Albéniz's early works were mostly "salon style" music. Albéniz's first published composition, Marcha Militar, appeared in 1868. A number of works written before this are now lost. He continued composing in traditional styles ranging from Jean-Philippe Rameau, Johann Sebastian Bach, Ludwig van Beethoven, Frédéric Chopin and Franz Liszt until the mid-1880s. He also wrote at least five zarzuelas, of which all but two are now lost.

Perhaps the best source on the works is Albéniz himself. He is quoted as commenting on his earlier period works as:There are among them a few things that are not completely worthless. The music is a bit infantile, plain, spirited; but in the end, the people, our Spanish people, are something of all that. I believe that the people are right when they continue to be moved by Córdoba, Mallorca, by the copla of the Sevillanas, by the Serenata, and Granada. In all of them I now note that there is less musical science, less of the grand idea, but more colour, sunlight, flavour of olives.

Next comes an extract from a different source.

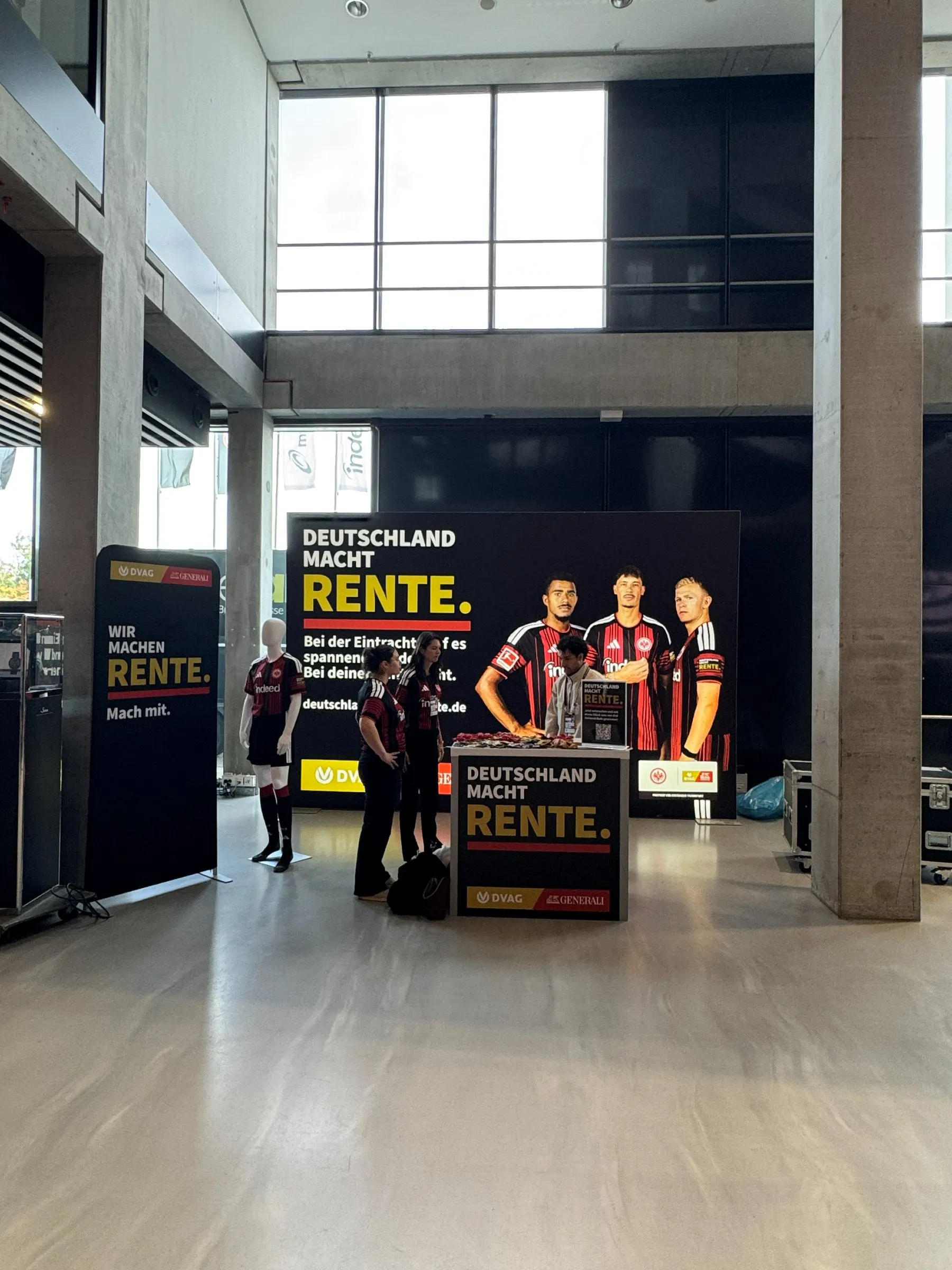 Eintracht – Deutsche Bank Park — Eventbau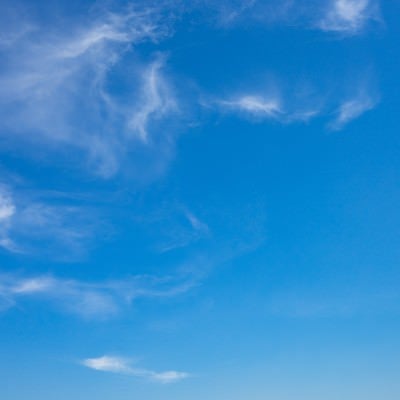 ちぎれた雲と空の写真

That music of youth, with its little sins and absurdities that almost point out the sentimental affectation ... appears to me like the carvings in the Alhambra, those peculiar arabesques that say nothing with their turns and shapes, but which are like the air, like the sun, like the blackbirds or like the nightingales of its gardens. They are more valuable than all else of Moorish Spain, which though we may not like it, is the true Spain.

Middle period 

During the late 1880s, the strong influence of Spanish style is evident in Albéniz's music. In 1883 Albéniz met the teacher and composer Felipe Pedrell. Pedrell was a leading figure in the development of nationalist Spanish music. In his book The Music of Spain, Gilbert Chase describes Pedrell's influence on Albéniz: "What Albéniz derived from Pedrell was above all a spiritual orientation, the realization of the wonderful values inherent in Spanish music." Felipe Pedrell inspired Albéniz to write Spanish music such as the Suite española, Op. 47, noted for its delicate, intricate melody and abrupt dynamic changes.

In addition to the Spanish spirit infused in Albéniz's music, he incorporated other qualities as well. In her biography of Albéniz, Pola Baytelman discerns four characteristics of the music from the middle period as follows:

1. The dance rhythms of Spain, of which there are a wide variety. 2. The use of cante jondo, which means deep or profound singing. It is the most serious and moving variety of flamenco or Spanish gypsy song, often dealing with themes of death, anguish, or religion. 3. The use of exotic scales also associated with flamenco music. The Phrygian mode is the most prominent in Albéniz's music, although he also used the Aeolian and Mixolydian modes as well as the whole-tone scale. 4. The transfer of guitar idioms into piano writing. 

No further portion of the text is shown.